Activity :: Everything below from the line with "Apartament cu 2" through the line with "Минеральные Воды: Апартаменты" must be retyped exactly, except the pictures.

Exercise inputs ::
________

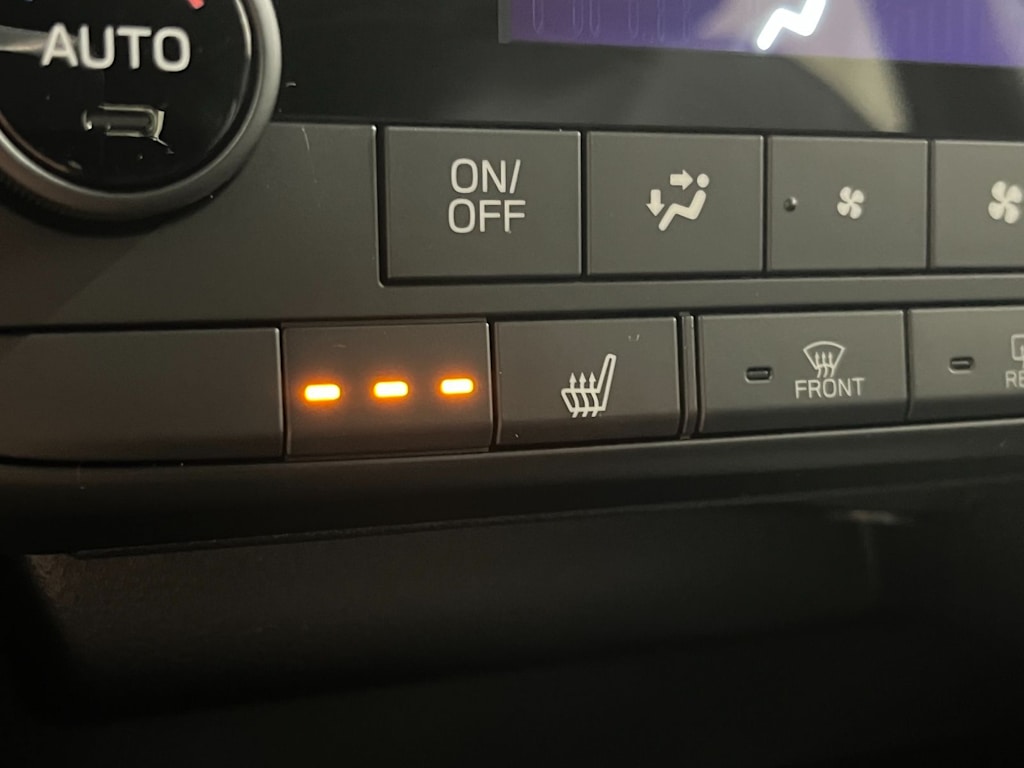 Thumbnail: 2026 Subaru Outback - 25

________

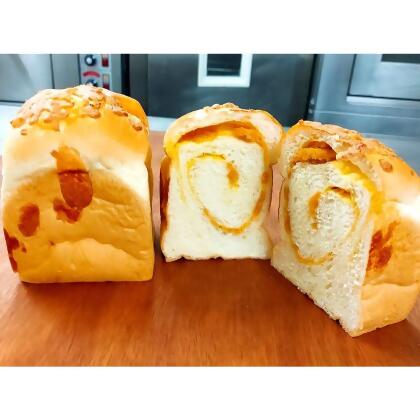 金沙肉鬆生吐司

________

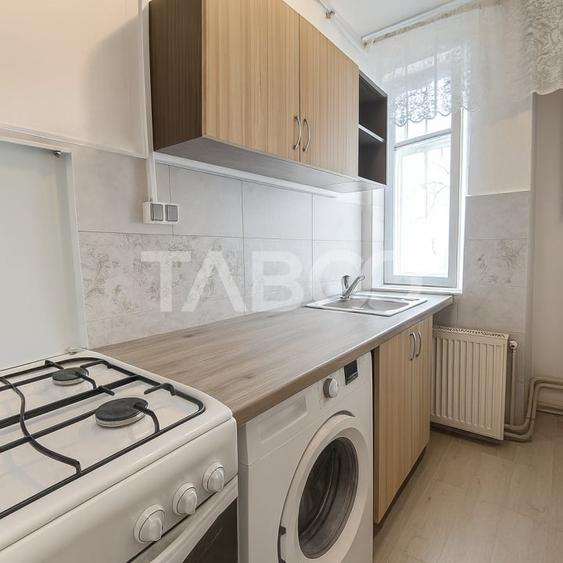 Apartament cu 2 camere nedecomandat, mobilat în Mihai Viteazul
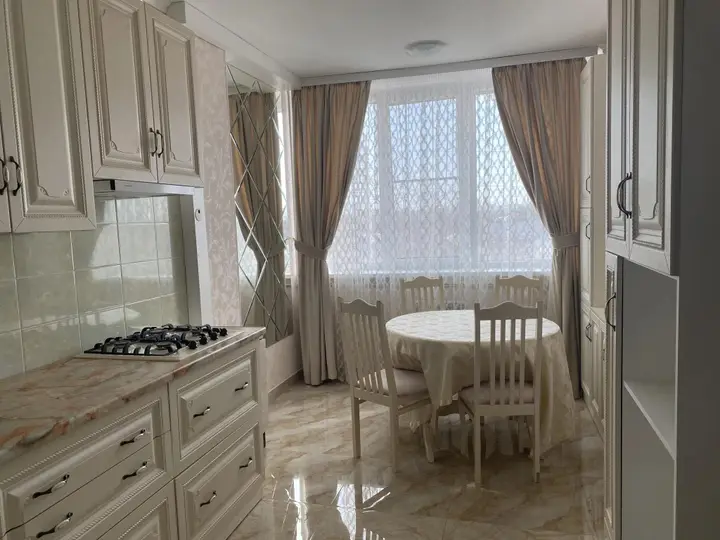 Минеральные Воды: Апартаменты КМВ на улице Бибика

________

Solution below ::
 Apartament cu 2 camere nedecomandat, mobilat în Mihai Viteazul
 Минеральные Воды: Апартаменты КМВ на улице Бибика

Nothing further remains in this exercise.